由于原来的每cpu的tick_cpu_device->evtdev是空的,所以会初始化tick周期,设置下次tick时间,
并且设置当前cpu(cpu0)作为do_timer处理时间工作的cpu。
之后会通过tick_setup_periodic来设置clock_event_device的event_handler方法,
中断处理函数实际上就是调用的这个event_handler方法,到这里才设置的。

static void tick_setup_device(struct tick_device *td,
                              struct clock_event_device *newdev, int cpu,
                              const struct cpumask *cpumask)
{
        ktime_t next_event;
        void (*handler)(struct clock_event_device *) = NULL;

        /*
         * First device setup ?
         */
        if (!td->evtdev) {
                /*
                 * If no cpu took the do_timer update, assign it to
                 * this cpu:
                 */
                if (tick_do_timer_cpu == TICK_DO_TIMER_BOOT) {
                        tick_do_timer_cpu = cpu;
                        tick_next_period = ktime_get();
                        tick_period = ktime_set(0, NSEC_PER_SEC / HZ);
                }

                /*
                 * Startup in periodic mode first.
                 */
                td->mode = TICKDEV_MODE_PERIODIC;
        } else {
                handler = td->evtdev->event_handler;
                next_event = td->evtdev->next_event;
                td->evtdev->event_handler = clockevents_handle_noop;
        }

        td->evtdev = newdev;

        /*
         * When the device is not per cpu, pin the interrupt to the
         * current cpu:
         */
        if (!cpumask_equal(newdev->cpumask, cpumask))
                irq_set_affinity(newdev->irq, cpumask);

        /*
         * When global broadcasting is active, check if the current
         * device is registered as a placeholder for broadcast mode.
         * This allows us to handle this x86 misfeature in a generic
         * way.
         */
        if (tick_device_uses_broadcast(newdev, cpu))
                return;

        if (td->mode == TICKDEV_MODE_PERIODIC)
                tick_setup_periodic(newdev, 0);
        else
                tick_setup_oneshot(newdev, handler, next_event);
}

ick_set_periodic_handler将event_handler设置为tick_handle_periodic。
然后设置clock_event_device模式为CLOCK_EVT_MODE_PERIODIC)。

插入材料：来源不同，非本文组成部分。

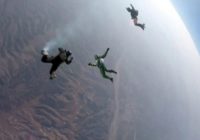 Viņš izlēca no lidmašīnas bez izpletņa 7600 m augstumā. FOTO/ VIDEO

void tick_setup_periodic(struct clock_event_device *dev, int broadcast)
{
        tick_set_periodic_handler(dev, broadcast);

        /* Broadcast setup ? */
        if (!tick_device_is_functional(dev))
                return;

        if ((dev->features & CLOCK_EVT_FEAT_PERIODIC) &&
            !tick_broadcast_oneshot_active()) {
                clockevents_set_mode(dev, CLOCK_EVT_MODE_PERIODIC);
        } else {
                unsigned long seq;
                ktime_t next;

                do {
                        seq = read_seqbegin(&xtime_lock);
                        next = tick_next_period;
                } while (read_seqretry(&xtime_lock, seq));

                clockevents_set_mode(dev, CLOCK_EVT_MODE_ONESHOT);

                for (;   {
                        if (!clockevents_program_event(dev, next, false))
                                return;
                        next = ktime_add(next, tick_period);
                }
        }
}
void tick_set_periodic_handler(struct clock_event_device *dev, int broadcast)
{
        if (!broadcast)
                dev->event_handler = tick_handle_periodic;
        else
                dev->event_handler = tick_handle_periodic_broadcast;
}

event_handler periodic中断处理函数。kernel的一个core方法。
tick_periodic是具体的处理。

void tick_handle_periodic(struct clock_event_device *dev)
{
        int cpu = smp_processor_id();
        ktime_t next;

        tick_periodic(cpu);

        if (dev->mode != CLOCK_EVT_MODE_ONESHOT)
                return;
        /*
         * Setup the next period for devices, which do not have
         * periodic mode:
         */
        next = ktime_add(dev->next_event, tick_period);
        for (;   {
                if (!clockevents_program_event(dev, next, false))
                        return;
                /*
                 * Have to be careful here. If we're in oneshot mode,
                 * before we call tick_periodic() in a loop, we need
                 * to be sure we're using a real hardware clocksource.
                 * Otherwise we could get trapped in an infinite
                 * loop, as the tick_periodic() increments jiffies,
                 * when then will increment time, posibly causing
                 * the loop to trigger again and again.
                 */
                if (timekeeping_valid_for_hres())
                        tick_periodic(cpu);
                next = ktime_add(next, tick_period);
        }
}

如果是cpu0的话,调用do_timer做更新时间等操作。
不管哪个cpu都要调用update_process_times更新cpu使用信息,以及处理timer wheel软中断。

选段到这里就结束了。